Quand Mitterrand fait ses adieux

Le Promeneur du Champ-de-Mars de Robert Guédiguian (sorti à Paris le 16 février)

Publié le 20 février 2005 Lecture : 3 minutes.

Disons-le tout net : on avait des raisons de se méfier avant de voir Le Promeneur du Champ-de-Mars, qui évoque les dix-huit derniers mois de la vie de François Mitterrand. D’abord, parce que le livre qui l’a inspiré, Le Dernier Mitterrand, du journaliste
Georges-Marc Benamou, avait été, à juste titre, fort critiqué lors de sa parution en 1997 pour sa manière quelque peu légère d’aborder le sujet. Ensuite, parce que, d’une manière générale, le cinéma français n’a jamais démontré sa capacité à traiter de façon
convaincante les scénarios à dominante politique. Enfin, et c’était peut-être l’essentiel,
parce que Robert Guédiguian ne paraissait pas le mieux qualifié pour réaliser un tel film.
L’auteur de Marius et Jeannette et de tant d’autres chroniques sympathiques sur la vie de petites gens au grand coeur à la périphérie de Marseille, ancien militant communiste désenchanté, tourne toujours avec la même bande de comédiens, à commencer par sa femme, Ariane Ascaride. C’est un spécialiste du cinéma intimiste et des mélodrames avec en arrière-plan une thématique sociale.
Le résultat, contre toute attente, est pourtant des plus honorables. Le Mitterrand du milieu des années 1990 que nous montre Guédiguian, et ce n’est pas rien, « fait vrai ». Et la peinture de sa fin de règne et des mois qui ont précédé sa mort en janvier 1996 « passe » sans le moindre couac, ou presque. Aussi bien quand il adresse ses derniers voeux quasi mystiques à ses administrés (« Je crois aux forces de l’esprit et je ne vous quitterai pas ») ou évoque orgueilleusement l’Élysée après lui (« Je n’aurai pas de successeur…, il n’y aura plus que des présidents comptables ») que lorsqu’il défend, malgré la déception du peuple de gauche, ses convictions socialistes.
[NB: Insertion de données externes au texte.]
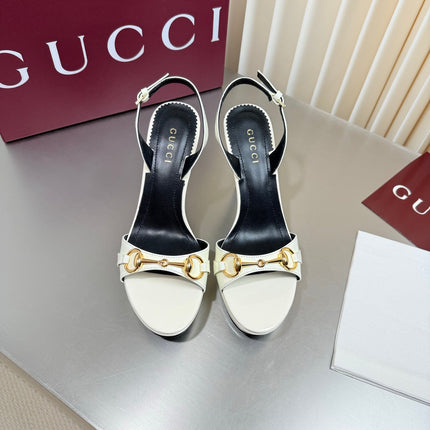 GUCCI 26S SLINGBACK PUMP 105 MM IN CREAM WHITE CALFSKIN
Ou encore quand il avoue son cynisme (« Il faut mépriser l’événement…, avoir la passion de l’indifférence ») et son culte du passé. Même les scènes rappelant une jeunesse sulfureuse (l’engagement à droite de la droite, le séjour à Vichy pendant la Seconde Guerre mondiale) ou un abord très particulier de la mort qui rôde (une obsession de Mitterrand) ne viennent pas heurter exagérément le fil du récit.
Cette réussite tient d’abord à un parti-pris radical du réalisateur, décidé, malgré ce « grand » sujet, à proposer un film très minimaliste. Une oeuvre sans effets : une lumière perpétuellement grise, une majorité de plans fixes. Un portrait fondé presque uniquement sur des conversations de Mitterrand avec son jeune confident, donc sur ce verbe que maniait si bien l’ancien président. Une approche du « héros », enfin, essentiellement tournée vers le personnage privé, par là même peu susceptible de déclencher des polémiques de café du commerce. Mais c’est avant tout à l’interprétation remarquable de Michel Bouquet, qui arrive sans jamais tenter de l’imiter à incarner magistralement Mitterrand, que Le Promeneur du Champ-de-Mars doit sa séduction.
Les qualités du long-métrage, cependant, n’en font pas une oeuvre indiscutable, loin de là. Car les choix dont elles résultent marquent aussi les limites de l’entreprise. La principale tient à la faiblesse paradoxale de la dimension politique dans ce film avant tout psychologique. L’atmosphère de l’époque est bien rendue, les réflexions d’un président d’envergure sur l’histoire, le pouvoir ou la nation qui jalonnent le récit sont intéressantes. Mais l’occasion, avec un tel scénario, de parler de la vie politique dans la France contemporaine n’a pas été saisie. C’est pour le moins frustrant.